Diane lebt allein, man geht davon aus, sie sei verwitwet. Später erfahren wir aber auch von einer Affäre mit dem Freund der besten Freundin in den neunziger Jahren, von Schuldgefühlen und Lebenslust, von Freundschaften und Verbitterungen, die schon Jahrzehnte andauern.

Diane ist ein ungemein kunstvoll gebauter, auf den ersten Blick einfach und direkt erzählender Film, der Schicht für Schicht vom Leben seiner Protagonistin erahnen lässt, ohne sie abzutragen.

Mary Kay Place als Diane © visitfilms.com

Zuerst sind wir beeindruckt von der Unermüdlichkeit nicht nur der Hauptfigur, sondern auch ihrer Freundinnen. Wie diese Frauen die eigenen Lebenswidrigkeiten und jene der anderen wegstecken, überarbeiten, umpflügen und mit zupackender Selbstverständlichkeit auffangen wirkt so täuschend beiläufig erzählt, dass einen die Ehrfurcht packt.

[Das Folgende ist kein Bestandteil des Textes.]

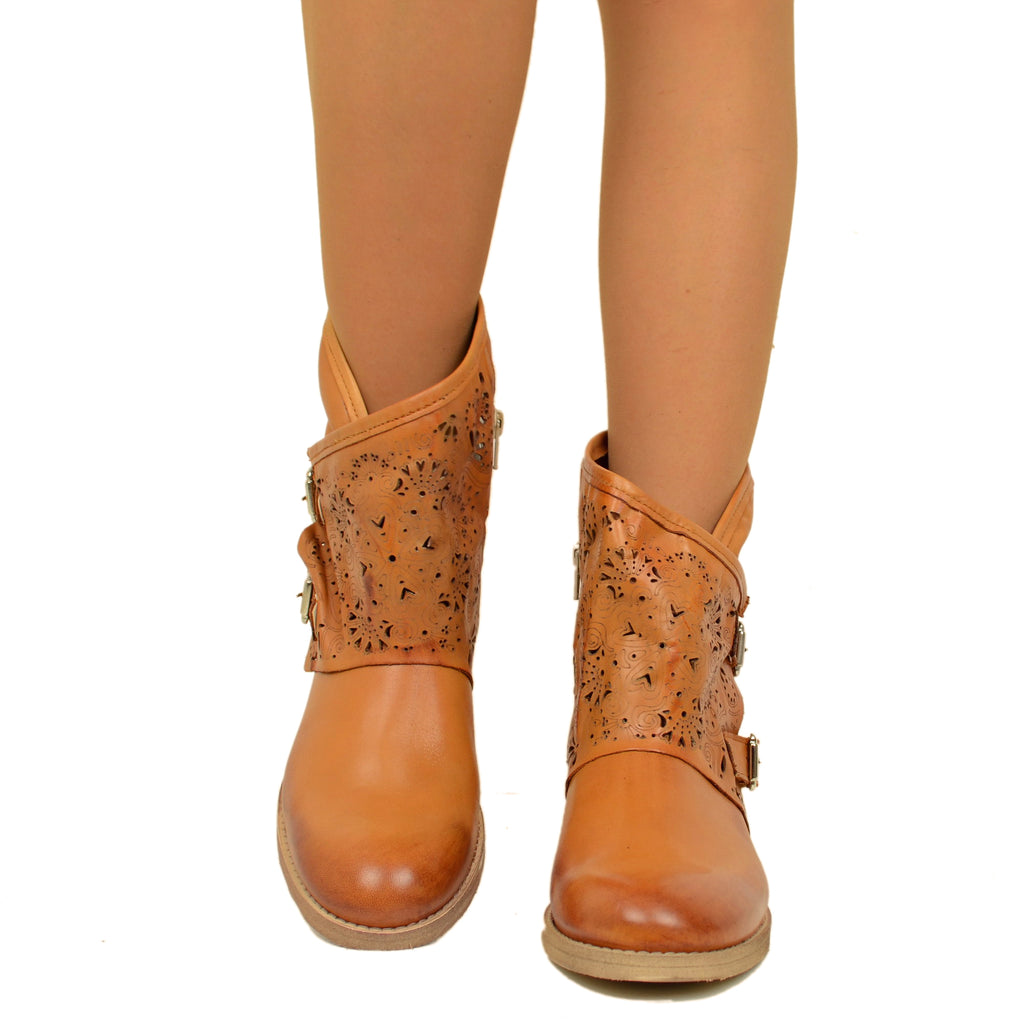 Women's Perforated Leather Biker Boots with Leather Gaiter - 3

Dann kommt der bissige Humor dazu, die hochpräzisen, giftig-gutmütigen Verbalpfeile, ein Austausch am Spitalbett, der eskaliert, wie er offenbar schon seit vielen Jahren immer wieder eskaliert, Momente, die man einmal miterlebt und sofort weiss, dass sie eingespielt sind, erprobt, nicht abzustreifen.

Im Verlauf des Films, der übrigens auch in Sachen Kamera-Arbeit und Schnitt getarnt daher kommt, so tut, als hätte sich das alles einfach so ergeben, wird Diane einsamer und verlorener. Ihre echte oder vermeintliche Schuld drängt sich vor, und sie muss Vergebung für sich selber finden.

Auf dem Weg dahin inszeniert Kent Jones ein paar Kabinett-Stücke, Ensembleszenen, die sich gewaschen haben. Etwa ein Besuchsabend in der grossen Küche eines Hauses, in der rund zehn der älteren Freundinnen und Freunde versammelt sind, Erinnerungen und Informationen und Bissigkeiten und Anekdoten austauschen, während die jüngere Generation sich immer wieder an den Tisch drängt, um sich ein Cookie zu schnappen.

Mary Kay Place als Diane © visitfilms.com

Oder die Einladung Dianes zu ihrem frisch drogenentwöhnten Sohn Brian, seiner bigotten Frau und einer Freundin, die alles daran setzen, sie zu ihrer Errettungskirche zu bekehren – bis Diane grob ausfällig wird auf eine Art, die auf uns im Publikum unendlich viel befreiender wirkt als auf sie.

Kent Jones ist ein stiller, unspektakulärer, heimlich grossartiger und eindringlicher Film gelungen über das Herz der amerikanischen Gesellschaft, jene Kombination aus schlechtem Gewissen und Solidarität, Gemeinschaftssinn und Verzweiflung, welche bis heute jenen anderen, echteren und zuweilen schmerzhaft puritanischen amerikanischen Traum vom anständigen, hilfsbereiten Umgang miteinander am Leben hält.